À espera do metrô na estação de Campo Grande, em meio à massa soturna, cubro com a mão um bocejo que me enche os olhos de lágrimas.  

Foi um gesto automático. Não precisava ter erguido a mão, como todo mundo estou de máscara, ninguém veria a bocarra aberta. E se não estivesse, um ou outro olharia para mim, mas não esboçaria nenhuma reação. Acho que alguém poderia até desmaiar de sono aqui, mesmo assim não despertaria grande interesse. O cansaço nos une e indiferencia; somos a centopeia que se esgueira pela trama de fossos da cidade, não nos deteríamos se perdêssemos uma simples pata.  

O metrô se aproxima reverberando na estação um ruído estridente, ensurdecedor, mas permanecemos estáticos atrás da linha amarela que nos separa da volta para casa ou da morte nos trilhos. Não há, porém, nenhum suicida entre nós, não hoje: entramos todos como autômatos na composição iluminada, lotando os vagões. As portas se fecham em apática sincronia.

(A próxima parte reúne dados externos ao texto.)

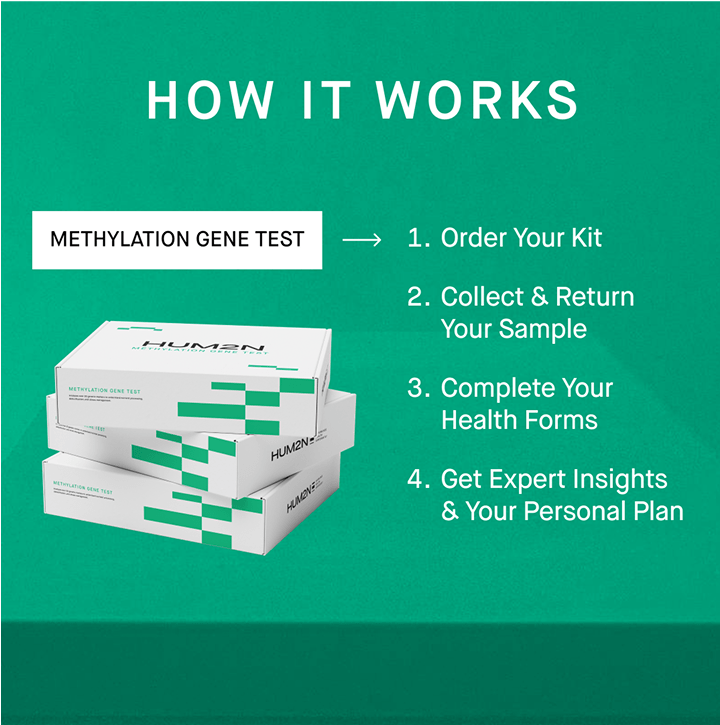 Methylation Gene Test - HUM2N: Longevity Shop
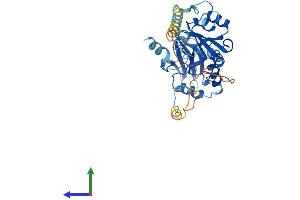 Protein Structure (PS) image for Snurportin 1 (SNUPN) (AA 1-360) protein (His tag) (ABIN7546228)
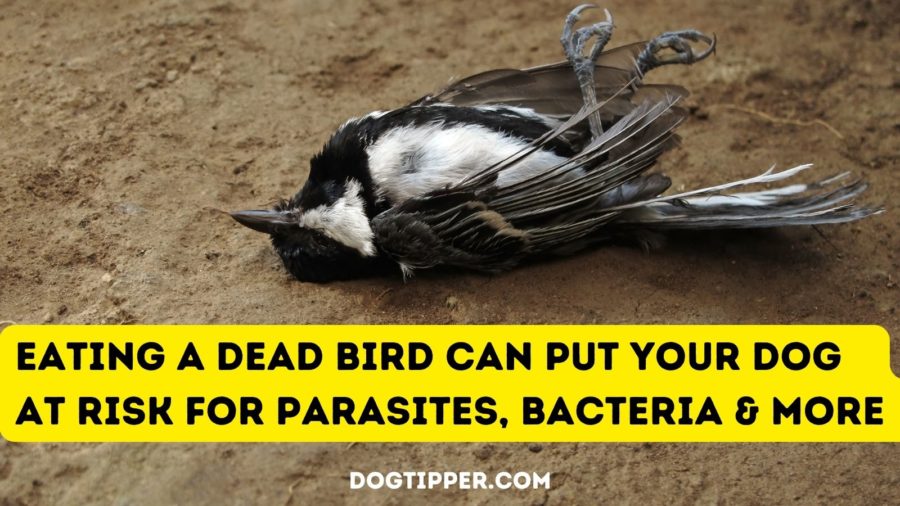 Eating a dead bird can put your dog at risk for parasites, bacteria and more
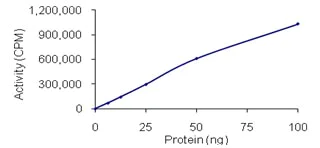 Functional Studies - Recombinant human cGKI protein (AB96403)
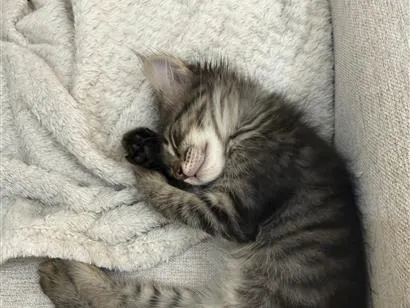 Gato raça SRD-ViraLata idade 2 a 6 meses nome Luna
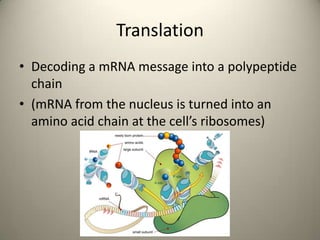 Translation
• Decoding a mRNA message into a polypeptide
chain
• (mRNA from the nucleus is turned into an
amino acid chain at the cell’s ribosomes)

 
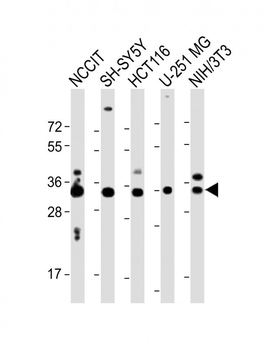 WDR82 Antibody (N-term)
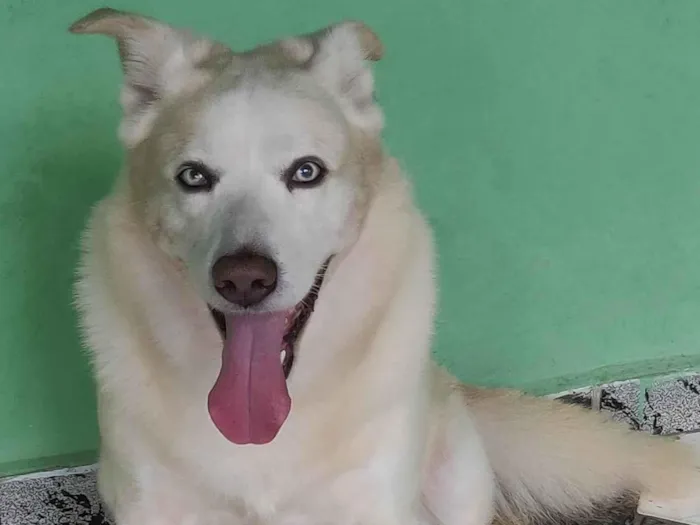 Cachorro raça SRD-ViraLata idade 6 ou mais anos nome Twice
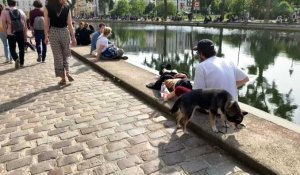 Coronavirus: malgré les parcs fermés, des Parisiens profitent du soleil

O metrô parte, mergulha na escuridão. Sentado em frente a duas garotas que digitam no celular com dedinhos velozes de máquina verbofágica, vejo refletida na janela uma entidade vingadora, vermelha e negra. Através dela, as paredes de concreto do fosso, por onde vamos em disparada insensível, e cabos, e pálidas luzes intermitentes.

– Próxima paragem, Alvalade, diz a gravação de uma voz feminina, cuja sensualidade contida pretende, a um tempo, manter a ordem e dar algum conforto aos corpos semiadormecidos sob a terra.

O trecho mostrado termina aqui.